OMAHA, Neb. — The Federal Railroad Administration recently completed a review of Norfolk Southern's safety culture in the wake of the February's fiery derailment in Ohio, and officials plan to follow up with similar investigations of all the major freight railroads over the next year.
A report will be released soon on what investigators found at Norfolk Southern after the Feb. 3 derailment — which prompted the evacuation of half of East Palestine, Ohio — and several other recent derailments. That crash near the Ohio-Pennsylvania border sparked intense interest in railroad safety nationwide and prompted proposed reforms in Congress.
The head of the FRA, Administrator Amit Bose, said in a letter to Senate Majority Leader Chuck Schumer recently that in addition to individual reports on Union Pacific, BNSF, CSX, Canadian National and Canadian Pacific Kansas City, the agency will also produce an industrywide report on common issues and trends.

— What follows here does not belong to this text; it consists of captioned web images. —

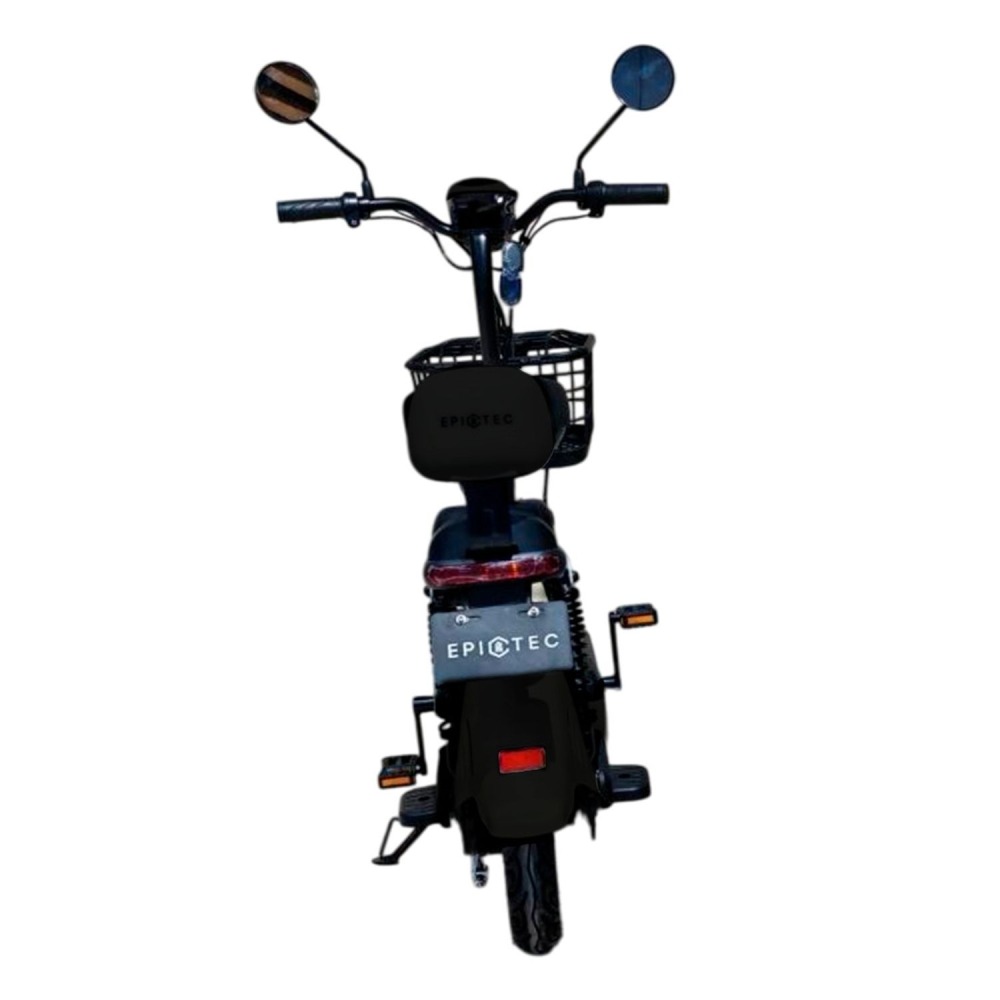 Bicimoto Eléctrica Epictec 350w 48v - Negro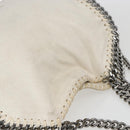 Stella MacCartney Chain Falabella Mini Bag Polyester 2way 371223 Auth BA9423-6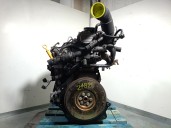 Replacement complete engine for Seat Ibiza (6L1) 1.9 SDI OEM IAM reference ASY 038100037T 373689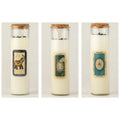 Luck, Prosperity and Protection spell candles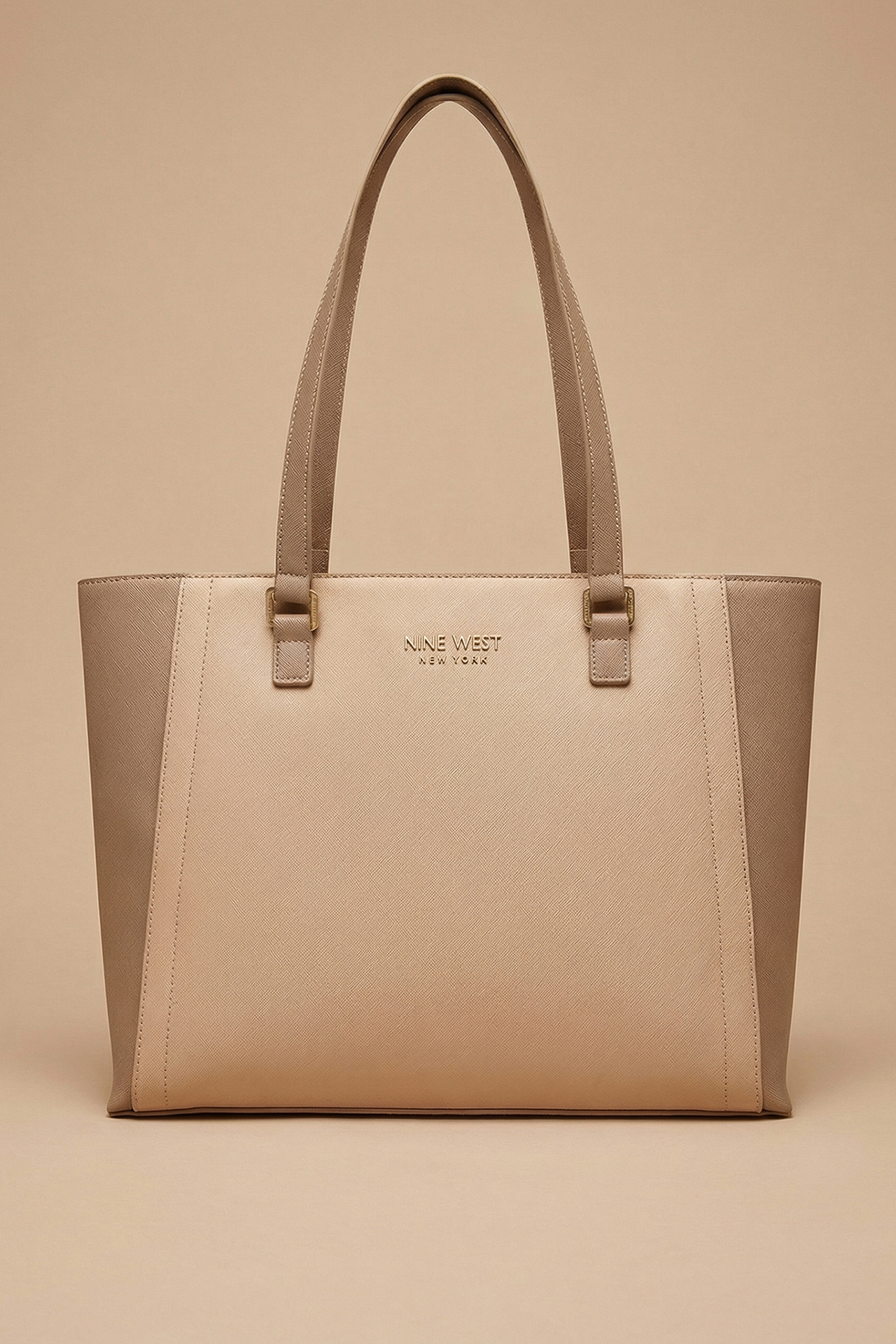 Сумка Nine West CEO-MIDTOWN MAVEN-LX9844 бежевая фото7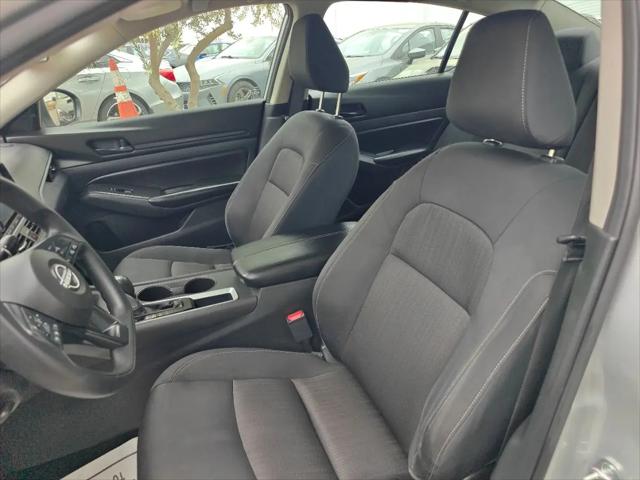 2024 Nissan Altima S FWD
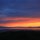 Great Salt Lake at sunset from the foothills a 30 minute hike above the house.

Railroad unions have been raising concerns that operating changes the railroads have made over the past six years have made the trains that haul hazardous materials and goods of all kinds across the country more dangerous.
The unions say the deep staff cuts railroads have made, combined with their increasing reliance on longer trains, have increased the chance of safety problems. They say inspections are being rushed, preventative maintenance may be neglected and overworked employees are more likely to be fatigued.
The railroads have defended their practices and said they haven't sacrificed safety to become more efficient. The industry also emphasizes that it remains the safest way to transport hazardous materials over land. Norfolk Southern and all the major railroads have announced a number of steps they are taking to improve safety though regulators, and lawmakers have called for them to do more.
Federal regulators have said that safety data hasn't changed enough to show that the railroads' new operating model is unsafe. The figures do show that the rate of accidents per every million miles freight trains travel increased from 15.572 to 16.695 over the past decade even though the total number of incidents declined as railroads hauled less freight. The rate of accidents inside railyards also worsened from 11.044 in 2013 to 15.517 last year.
There have also been concerns raised about the safety of today's long trains that routinely stretch more than two miles. Bose said that the FRA recently warned railroads to be careful about the way they assemble long trains to reduce the risk of derailments.
The freight railroads favor longer trains because they allow them to deliver the same amount of freight with fewer crews and locomotives.